Making economies cleaner and more productive
Technological innovations can bolster developing countries’ role in greening global value chains as well as diversifying and moving towards more sustainable economic sectors – provided enabling policies and collaborations are in place.
For example, successful models to speed up the development of renewable energy technology have been institutional in nature, with countries using new environmental laws to encourage public-private sector cooperation on green transitions.
In China, the 2006 renewable energy law fostered the creation of the country’s biomass industry.
Egypt’s 2014 renewable energy law has enabled the private sector to partner with the government to produce electricity from renewables.
Another example in energy production is the global green hydrogen economy.

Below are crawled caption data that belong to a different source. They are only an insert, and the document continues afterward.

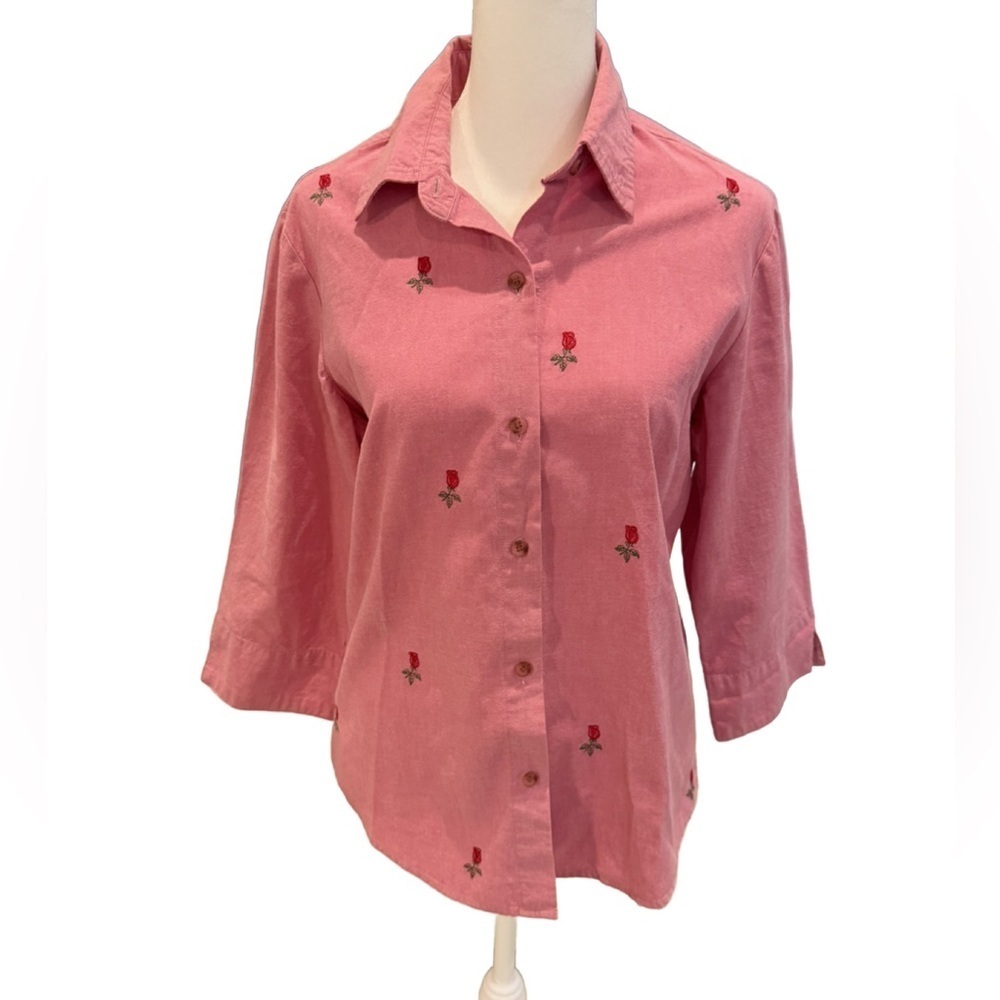 Lemongrass Studio Pink Button up blouse with Embroidered Roses. Size small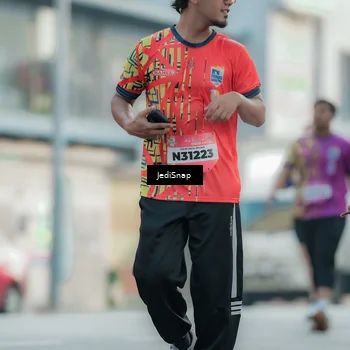 Runner Photo 5910675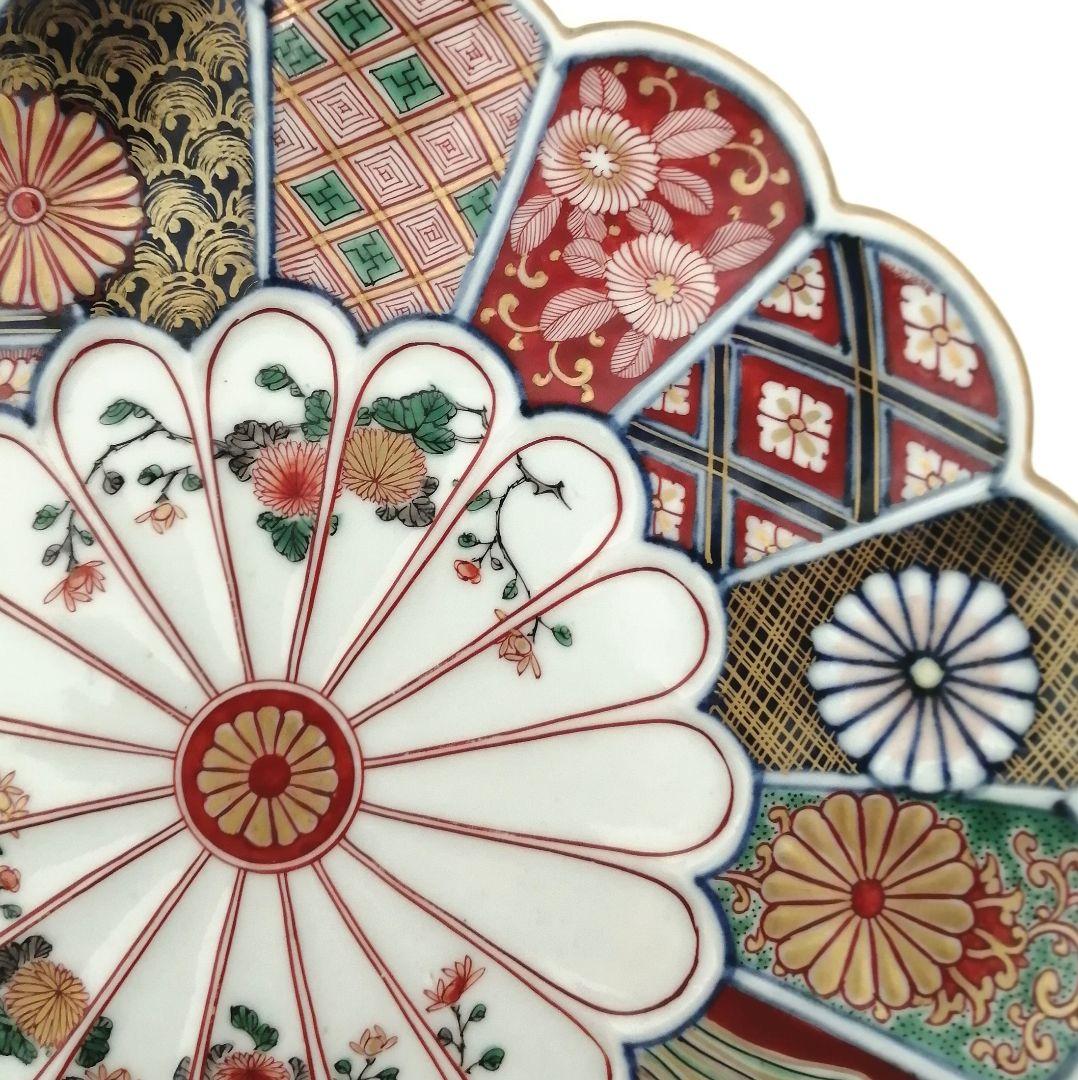 大聖寺伊万里 金襴手 16弁菊花形 色絵金彩 6寸皿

Developing nations such as Chile, Panama and South Africa already have advanced green hydrogen strategies consistent with sustainable development.
With richer countries lacking labour to produce electrolysers, which is key to creating green hydrogen, their developing counterparts have an opportunity to meet future demand in Europe, Japan and South Korea.
Pursuing universal access to water and sanitation
Even today, safe drinking water and sanitation remains a challenge to many vulnerable communities worldwide.
Rapid advances in frontier technologies – including the bioeconomy, artificial intelligence, big data, the Internet of things (IoT) and nanotechnology – all have the water and sanitation sector as a potential primary beneficiary.
These solutions make it possible to reach last-mile populations, as off-grid decentralized solutions become increasingly affordable and can be run and maintained locally with minimal training.
For instance, Swiss Fresh Water has developed a low-cost and low-power desalination system enabling small-scale production of cheap drinking water in developing countries, especially in Africa.
Similarly, UN Women has helped pilot a solar water pumping project – now managed by community members – for drinking and irrigation in Mozambique.
Actions needed to realize ‘green windows of opportunity’
For developing countries to unlock opportunities from STI, the meeting renewed calls to bridge the divide in digital capacity – largely driven by uneven investment in research and development between wealthier and poorer economies.
Meanwhile, international cooperation on innovation will require more equitable partnerships, going beyond traditional donor-recipient relationships.
When planning for technology transfer, it’s important to consider a range of key factors and make such transfer part of a holistic effort to build up broader socioeconomic infrastructure in developing nations.
On policy recommendations, the meeting emphasized cultivating and empowering local innovation ecosystems, notably by including women and marginalized groups in design and project implementation.
It also underscored the need for STI policies that support concrete solutions to advance sustainability and climate resilience.